Iran downplayed the incident as evidence mounted that the fire was intentional sabotage. Data collected by a US a U.S. National Oceanic and Atmospheric Administration satellite revealed the blaze started around 2 a.m. Iran time, according to The Associated Press.
Images later released by Iranian state media show a two-story brick building with scorch marks and its roof apparently destroyed. Debris on the ground and a door that looked blown off its hinges suggested an explosion accompanied the blaze.
“There are physical and financial damages and we are investigating to assess,” Kamalvandi told Iranian state television. “Furthermore, there has been no interruption in the work of the enrichment site. Thank God, the site is continuing its work as before.”
The BBC reported that its Persian-language division received a statement from a previously unknown group called “Cheetahs of the Homeland” claiming responsibility for the fire.
The statement said the group represents “underground opposition with Iran’s security apparatus.”
A State Department spokesperson told The Post: “We are monitoring reports of a fire at an Iranian nuclear facility. This incident serves as another reminder of how the Iranian regime continues to prioritize its misguided nuclear program to the detriment of the Iranian people’s needs.”
The Atomic Energy Agency of Iran on Thursday released a photo of the damage and a statement downplaying the “incident.”
Agency spokesman Behrouz Kamalvandi said that “one of the technical niches being built in the open space area of the Natanz site was damaged. This incident didn’t cause any human casualty neither inflicted hazard to the complex routine activities.
The spokesman continued, “From the probability of any pollution occurring, also considering the non-status activity position of the complex, there is nothing to be concerned of, and at present, the Organization’s expert teams are present at the site and investigating the matter.”
The theocracy’s rulers insist its nuclear program is only for energy generation, not weapons, but the assertion is widely doubted.
On Thursday, Secretary of State Mike Pompeo told the UN Security Council that Iran was “the world’s most heinous terrorist regime,” in an effort to extend a strict arms embargo expected to expire in October.
In 2018, President Trump withdrew the US from a multilateral nuclear deal with Iran that former President Barack Obama and European allies hoped would prevent Iran from gaining nuclear weapons.
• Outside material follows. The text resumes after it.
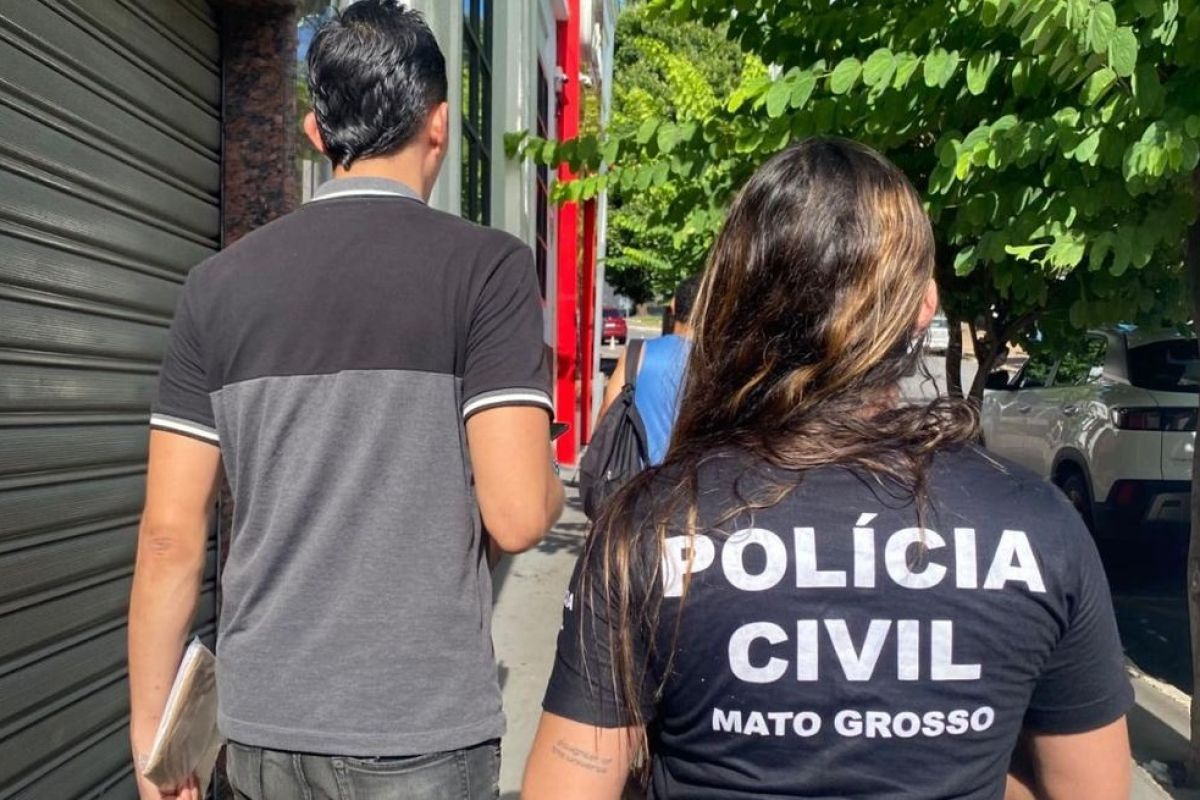 Colombiano é preso após tentar cortar dedos da companheira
Trump said the deal enriched Iran and didn’t do enough to prevent weapon development.
Trump, however, has walked a fine line with Iran, often suggesting a new nuclear deal and inviting the nation’s leaders to call him. Trump is a critic of past presidents’ Mideast wars and called off retaliatory airstrikes after Iran shot down a US drone last year.
In January, Trump ordered an airstrike in Iraq that killed Iranian military leader Qassem Soleimani, who supported Iran-linked militias across the region. Iran retaliated by firing missiles at US bases.